Ryne was being annoying. I mean, I love her, but she’d set my hair on fire at least three times since breakfast. “Ryne,” I chided, scooping her off my shoulder to look at her. “What did we say about the fire?”

Ryne blinked her bright blue eyes at me. The guy we got her from said her mother had been huge, but that Ryne would probably stay tiny. Of course, now almost all dragons are tiny. They were just bred that way. 

I reached out to touch the dragon’s blue-green scales. They were smooth and cool to the touch and felt a bit like silk. Ryne purred, leaning into my hand, smoke coming out of her nostrils. 

“No fire,” I reminded her before putting her back on my shoulder and returning to my homework. “But if you maybe burnt up my Spanish worksheet instead. . .” I felt her perk up on my shoulder. “Nah, I’m just joking.

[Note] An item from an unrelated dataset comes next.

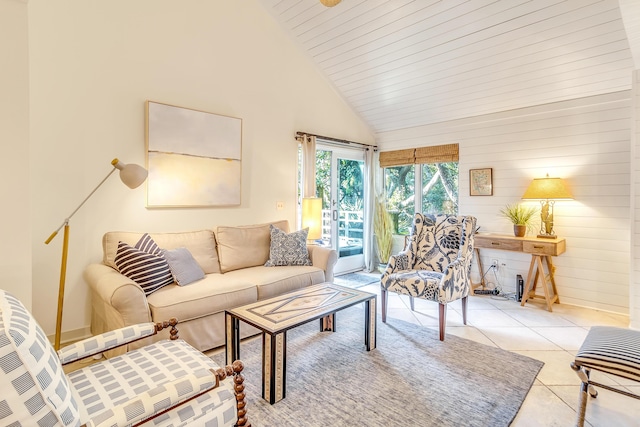 4403 Sea Forest Dr, Kiawah Island, SC 29455 - living room with light tile patterned floors and high vaulted ceiling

Pretty sure my teacher would kill me. Eighth grade blows.” I told her. I pack up the worksheet, slipping it  into my binder. I gave Ryne one more smile before eating breakfast, zipping up my backpack, and heading out. 

It wasn’t until I had gotten to school and was unpacking my backpack when I realized that it was a bit heavier than normal. I carefully looked into the tiny secret pocket, dreading what I would find. I wish I could say I was surprised to find a little ball of blue-green scales snoring smoke into the polyester fabric. I groaned. “Ryne,” I hissed, poking at her back. “Ryne. You devil lizard, you wake up now and tell my why you stowed away in my backpack.” Ryne, of course, didn’t say a word. Instead, the little troublemaker rolled over to look me in the eye, snort a little ring of smoke, and rolled right over again. Hate you too, dragon. I looked around the hallway furtively. First period was about to start, and everyone was streaming into the classrooms. I looked at Ryne one more time before stuffing her and my backpack into my locker. 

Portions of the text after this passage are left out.